Pre-insert layouts of basic integers for consteval perf by 197g · Pull Request #156718 · rust-lang/rust

197g · 2026-05-18T14:56:16Z

While investigating build performance for image, we noted through perf samples that a surprising amount of time was spent in consteval and more specifically calls to layout_of. That was curious since we use a few const tables but definitely not of extreme size nor complicated computation and really only with primitive types. Through instrumenting (printf debugging the types being queried) a debug build, this pattern emerged the tail end of the summary:

RDTSC    count  type
-------
2968652 48376   u8
2975486 75647   usize
3372234 2024    std::num::NonZero<usize>
3494159 65639   FnDef(DefId(2:705 ~ core[93c5]::f64::{impl#0}::to_bits), [])
6016422 107343  ()
7589954 145971  FnDef(DefId(21:947 ~ pxfm[d8cc]::common::fmla), [])
10072816        175205  i64
15194244        290049  i32
22053787        392617  u32
22284234        322397  bool
40392452        615785  u64
58157921        2110    std::alloc::Layout
179631693       2996946 f64

Several question arise:

Is it necessary to query f64 and other primitive types so often? This fits to a query per evaluation of the lines in MIR instead of a query per line itself. There is a cache of layouts for locals of a block; but it is only local and that cache is constructed within the query to a const evaluation of a block.
What's happening while querying the layout of std::alloc::Layout?

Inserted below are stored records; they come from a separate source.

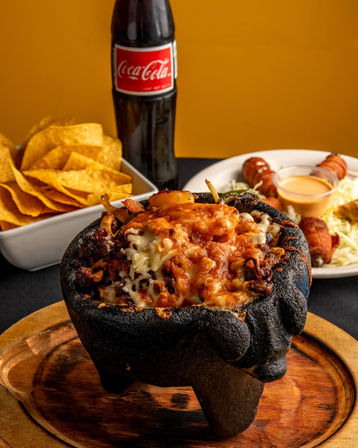 Mexican molcajete overflowing with melted cheese, grilled meats and peppers on a wooden board, served with tortilla chips, bacon-wrapped jalapeños and dipping sauce, plus a glass bottle of cola against a warm yellow backdrop.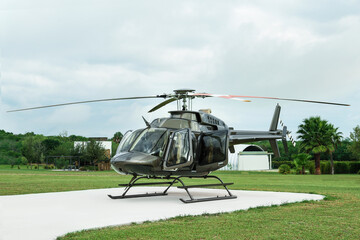 Wall Mural - Beautiful modern helicopter on helipad in field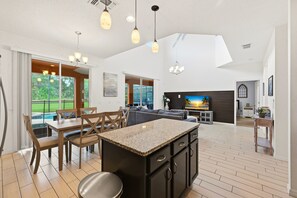 A spacious kitchen with a central island, wooden dining table, and chairs, with a view of a swimming pool through large windows. - Modern 6BRPoolVilla w/HotTub &GameRoom Near Disney (Kissimmee)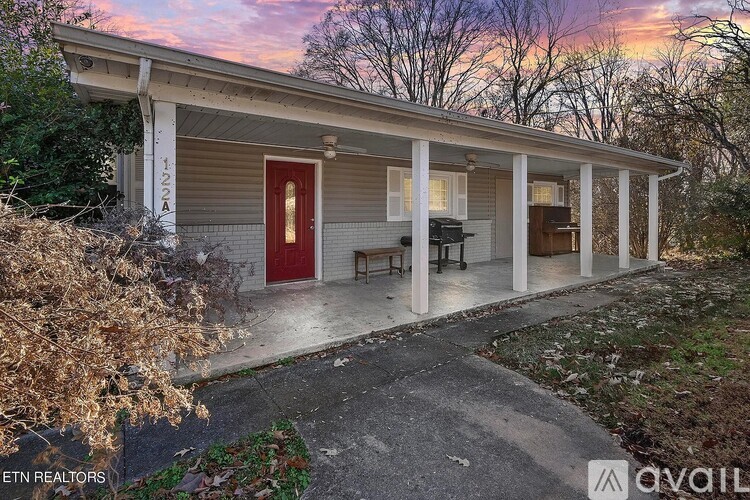 A house with a red door is for sale.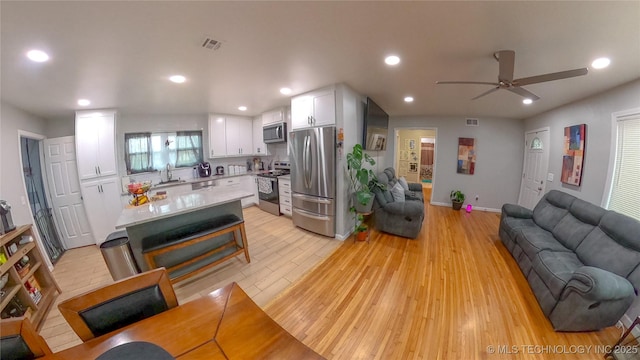 living room with ceiling fan, sink, and light hardwood / wood-style floors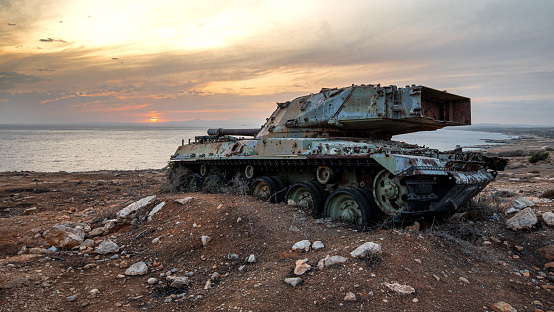 Abandoned military army tank vehicle at sunset in the coast. Environmental pollution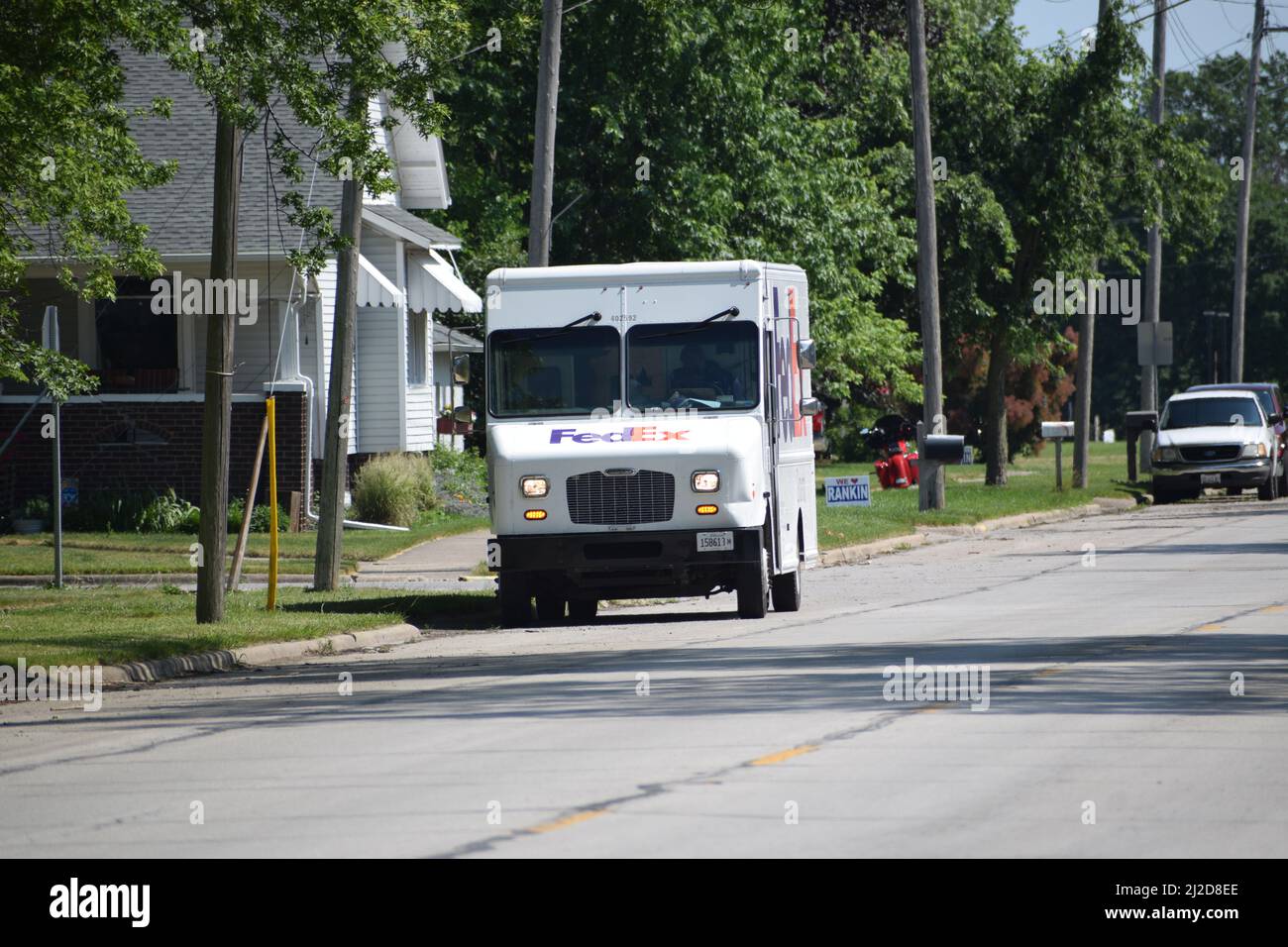 A FedEx delivery truck parked on Illinois Route 49 in the small town of Rankin, Illinois Stock Photo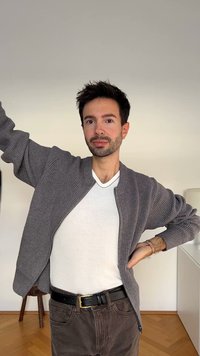 Jonge man binnen in een grijze cardigan over een wit shirt, met een paarse broek en een zwarte riem, poseert met één arm omhoog en de andere op zijn heup.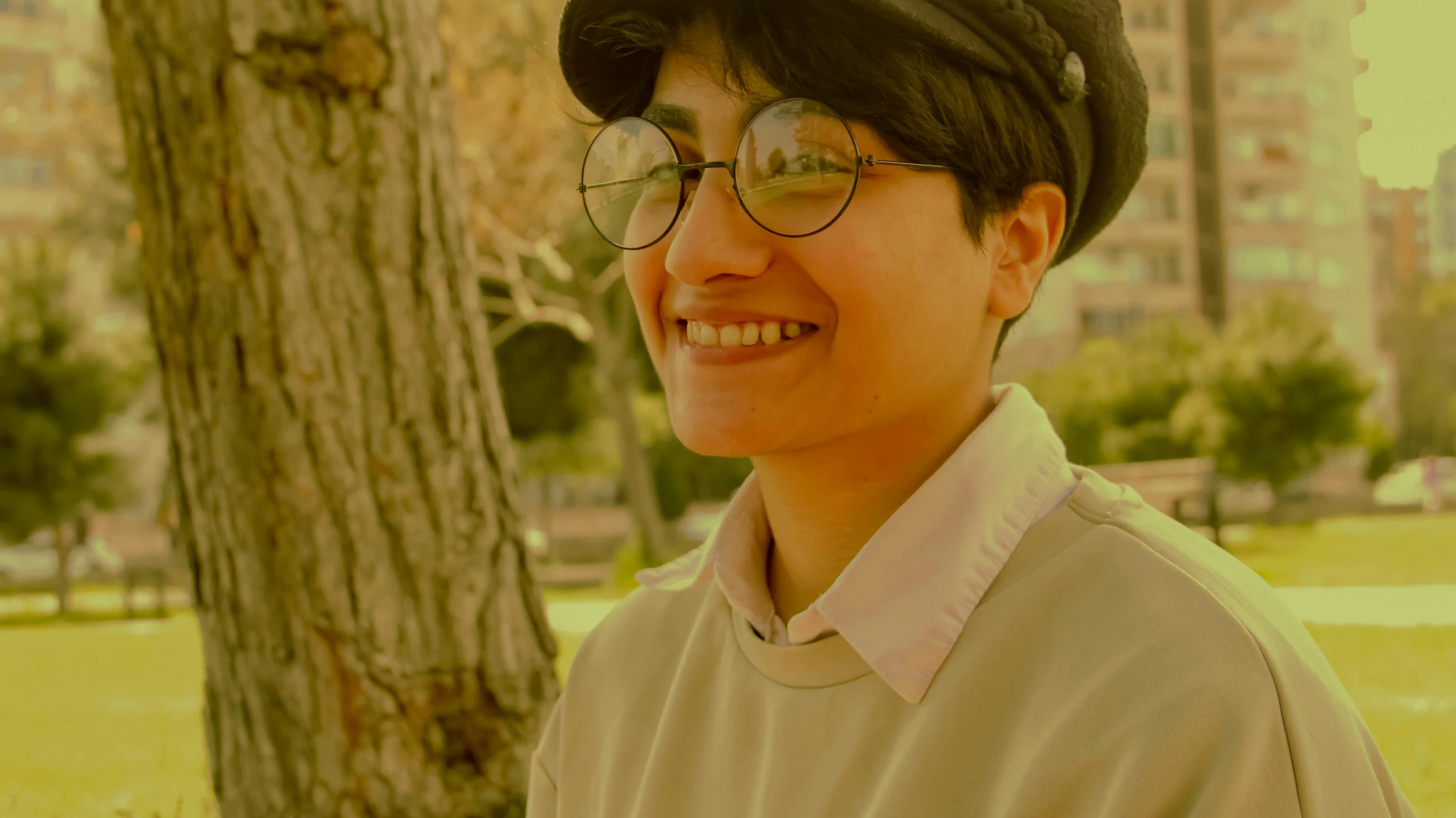 a man in a beanie smiles for the camera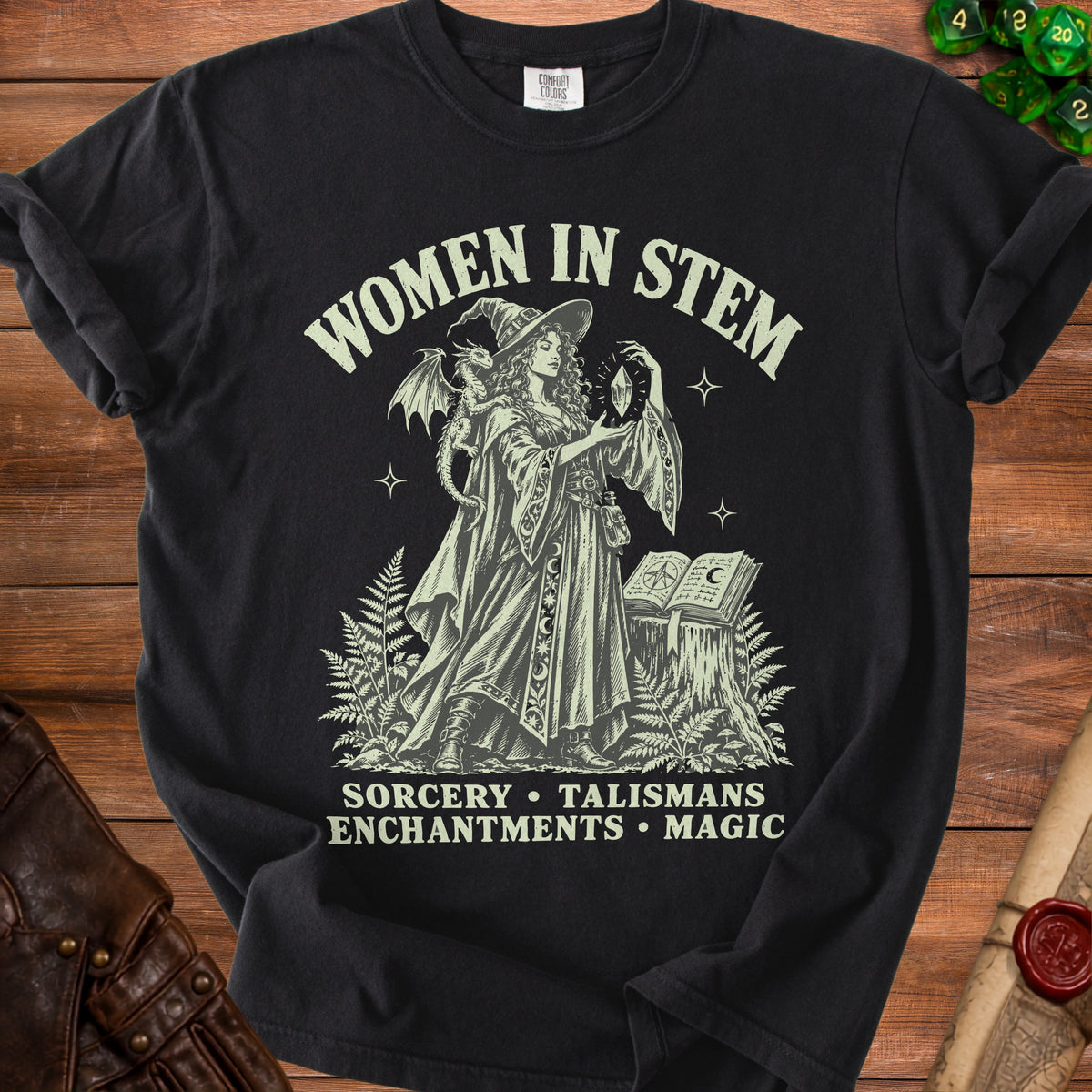 Black t-shirt with "Women in STEM" text and a sorceress with a dragon.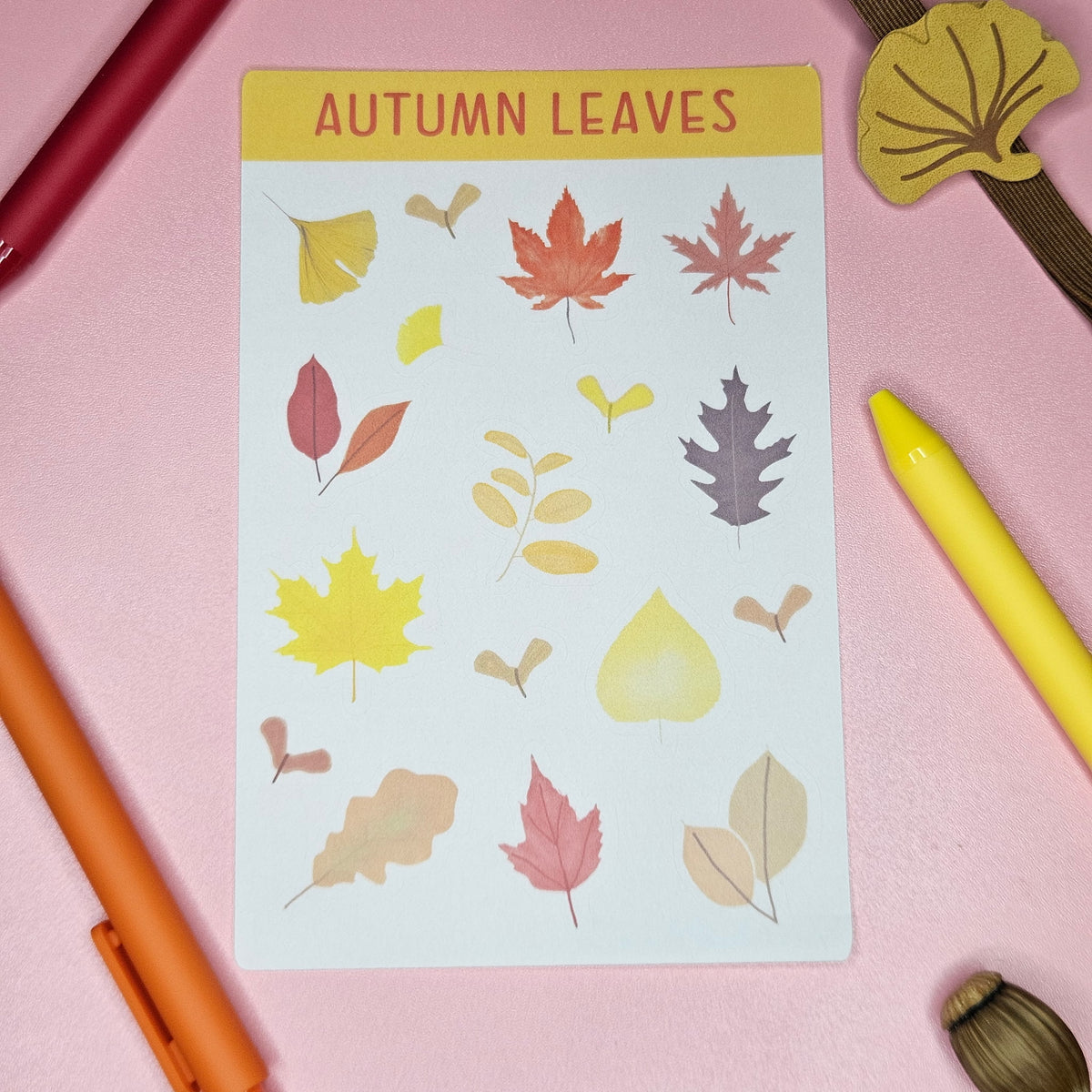 A sticker sheet titled 'AUTUMN LEAVES' featuring various illustrated autumn leaves in yellow, red, orange, and brown. Styled on a pink surface with colorful pens and leaf-shaped accessories.
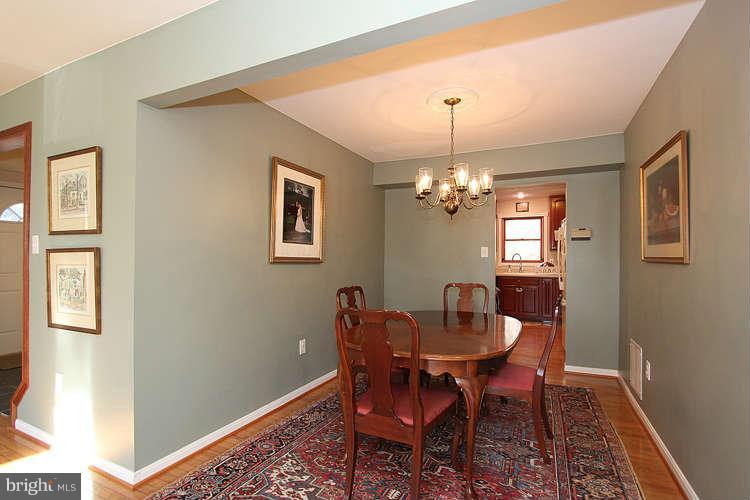 11525 Pine Cone Court Reston, VA 20191 - Photo 6 of 30 a dining room with furniture and chandelier
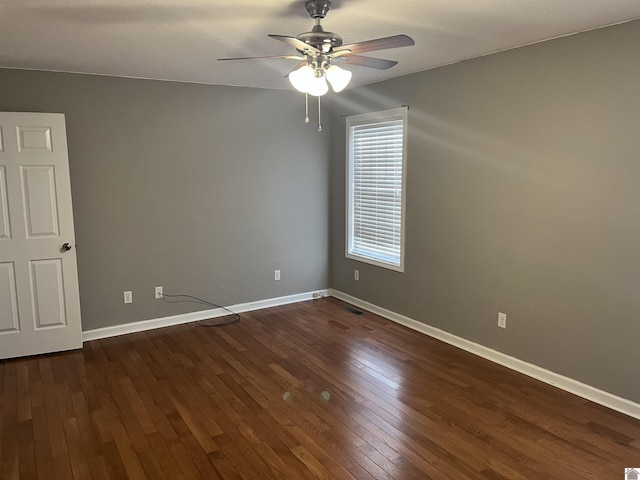 empty room featuring dark wood-type flooring and ceiling fan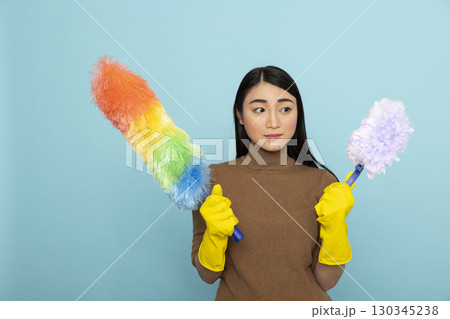Young female janitor stands prepared with colorful cleaning tools during morning routine. Confident asian housekeeper ready for household chores, posing against isolated background. 130345238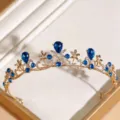 Gedetailleerd overzicht van de elegante gouden tiara met strass-stenen en prachtige bloemdetails. - KC Goud + Blauwe Strass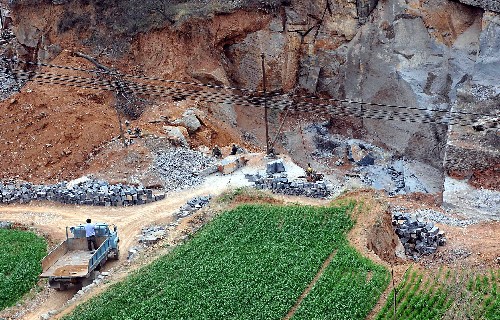 非法炸山取石 嵩山生态环境破坏严重 嵩山北麓的一个采石场上摆放着准备运走的石料(4月3日摄)。 在河南省登封市和偃师市交界处的偃师市府店镇唐窑村。村庄对面的整座山体被挖的“千疮百孔”,采石场和石材加工点随处可见。 当地群众告诉记者,这座山是嵩山少林寺背依的少室山北麓。为了躲避检查,采石者由原先在路边开采,转移到大山深处。为了加快开采进度,他们采取了对山体破坏性极大的炸山取石法,昔日种植的松柏等树木也随着日益推进的开采而被毁掉。 2007年1月,国家建设部曾对嵩山风景名胜区违法违规开山炸石进行过通报,当地政府也做出了全部拆除违章建筑、取缔采石场、外迁石材加工点的决定。但1年多过去了,这一严重违法行为仍然没有完全得到禁止。 新华社记者王颂摄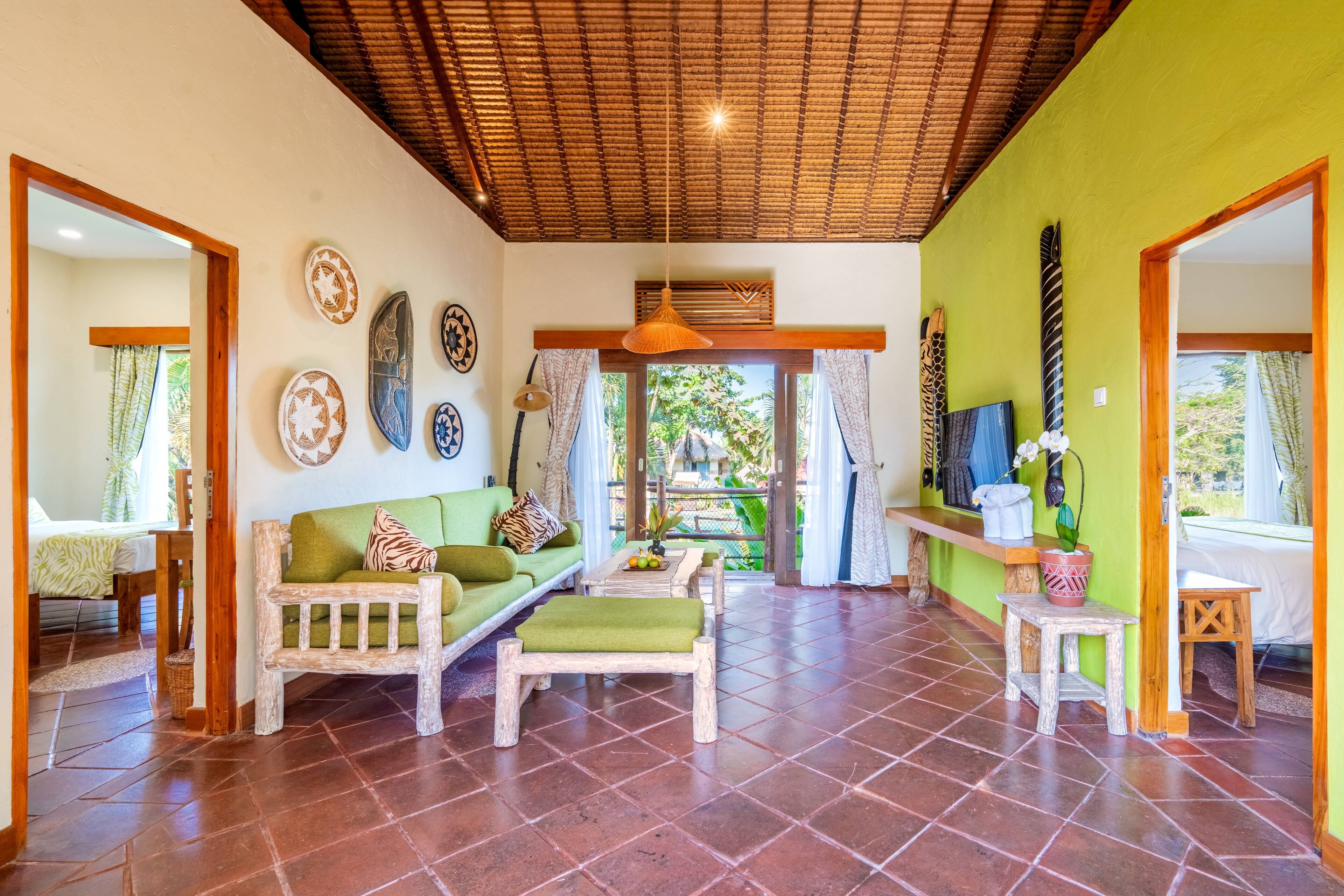 kifaru family suite + bali safari entrance & safari journey | living area | lcd tv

In an attempt to mitigate the first and considering that usize is necessarily used for indexing into an array at the moment, maybe one of the large uses, I've attempted to pre-intern the layouts of common integer types and special case them out.

This is obviously fraught with peril; it must not disagree with the other layout computations and a second source of truth is risky in that regard. So the main question is whether to continue down this path or find a way to reduce the count by doing more clever type assignment in expression evaluation maybe.

Performance results have been okay. I've had problems reliably producing numbers in debug builds in the first place, sometimes the instrumentation did not seem to trigger, so there was definitely something I don't understand about the eval. In a --release profile build I seem to observe a moderate effect of ~1-2% overall.

@RalfJung we chatted about related topics, hopefully this isn't taking too much of your time from other matters.

Contrary to locals this did not have a query cache but the fixed usize type is used constantly, while projecting places into (array) indices.

rustbot · 2026-05-18T14:56:29Z

Some changes occurred to the CTFE machinery

cc @RalfJung, @oli-obk, @lcnr

Some changes occurred to the CTFE / Miri interpreter

cc @rust-lang/miri

rustbot · 2026-05-18T14:56:32Z

r? @Kivooeo

rustbot has assigned @Kivooeo.
They will have a look at your PR within the next two weeks and either review your PR or reassign to another reviewer.

Use r? to explicitly pick a reviewer

Why was this reviewer chosen?

The reviewer was selected based on:

Owners of files modified in this PR: compiler, types
compiler, types expanded to 73 candidates
Random selection from 19 candidates

lqd · 2026-05-18T15:09:47Z

@bors try @rust-timer queue

Consteval layout perf

rust-bors · 2026-05-18T17:22:08Z

☀️ Try build successful (CI)
Build commit: 960cc11 (960cc11f53c88c2a75400df4d7224293ba40d345, parent: 5ea817c65e4896167300b7d2550781b98da9901a)

rust-timer · 2026-05-18T18:03:06Z

Finished benchmarking commit (960cc11): comparison URL.

Overall result: ❌✅ regressions and improvements - please read:

Benchmarking means the PR may be perf-sensitive. It's automatically marked not fit for rolling up. Overriding is possible but disadvised: it risks changing compiler perf.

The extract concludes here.